Being a star has made it possible for me to get insulted in places where the average Negro could never hope to go and get insulted.

—Sammy Davis Jr., 1965

Reality is always the foe of famous names.

—Petrarch, 1337

A woman’s greatest glory is to be little talked about by men, whether for good or ill.

—Pericles, c. 450 BC

What a heavy burden is a name that has become too famous.

—Voltaire, 1723

We all have a contract with the public—in us they see themselves, or what they would like to be.

—Clark Gable, 1935

Worldly fame is but a breath of wind that blows now this way, now that, and changes names as it changes in direction.

—Dante Alighieri, c. 1315

Most authors seek fame, but I seek for justice—a holier impulse than ever entered into the ambitious struggles of the votaries of that fickle, flirting goddess.

—Davy Crockett, 1834

Fame is but the empty noise of madmen.

—Epictetus, c. 100

Possessions, outward success, publicity, luxury—to me these have always been contemptible.

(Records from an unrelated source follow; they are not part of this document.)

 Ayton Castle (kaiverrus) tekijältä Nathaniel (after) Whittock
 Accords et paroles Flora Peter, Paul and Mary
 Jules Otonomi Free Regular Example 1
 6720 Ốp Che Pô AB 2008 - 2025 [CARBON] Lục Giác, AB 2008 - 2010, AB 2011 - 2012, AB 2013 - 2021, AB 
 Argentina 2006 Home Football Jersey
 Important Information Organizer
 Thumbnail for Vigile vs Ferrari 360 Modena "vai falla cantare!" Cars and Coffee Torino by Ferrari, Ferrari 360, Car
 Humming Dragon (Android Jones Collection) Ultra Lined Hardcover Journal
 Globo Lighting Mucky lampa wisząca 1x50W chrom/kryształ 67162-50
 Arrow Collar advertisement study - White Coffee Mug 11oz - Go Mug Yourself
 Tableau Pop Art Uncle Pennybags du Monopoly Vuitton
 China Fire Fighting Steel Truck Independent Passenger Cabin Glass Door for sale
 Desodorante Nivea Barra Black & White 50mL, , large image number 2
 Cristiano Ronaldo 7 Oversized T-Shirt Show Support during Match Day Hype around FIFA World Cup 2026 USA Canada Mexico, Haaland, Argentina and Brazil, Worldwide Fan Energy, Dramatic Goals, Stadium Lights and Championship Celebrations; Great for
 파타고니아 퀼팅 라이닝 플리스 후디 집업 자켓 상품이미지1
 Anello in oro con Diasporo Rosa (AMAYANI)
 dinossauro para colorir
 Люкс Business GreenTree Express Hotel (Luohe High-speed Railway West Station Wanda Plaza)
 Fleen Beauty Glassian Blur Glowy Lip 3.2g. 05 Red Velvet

I believe that a simple and unassuming manner of life is best for everyone, best both for the body and the mind.

—Albert Einstein, 1931

What is popularly called fame is nothing but an empty name and a legacy from paganism.

—Erasmus, 1515

Happy is the man who hath never known what it is to taste of fame—to have it is a purgatory, to want it is a hell!

—Edward Bulwer-Lytton, 1843

I’m afraid of losing my obscurity. Genuineness only thrives in the dark. Like celery.

—Aldous Huxley, 1925

He who treats another human being as divine thereby assigns to himself the relative status of a child or an animal.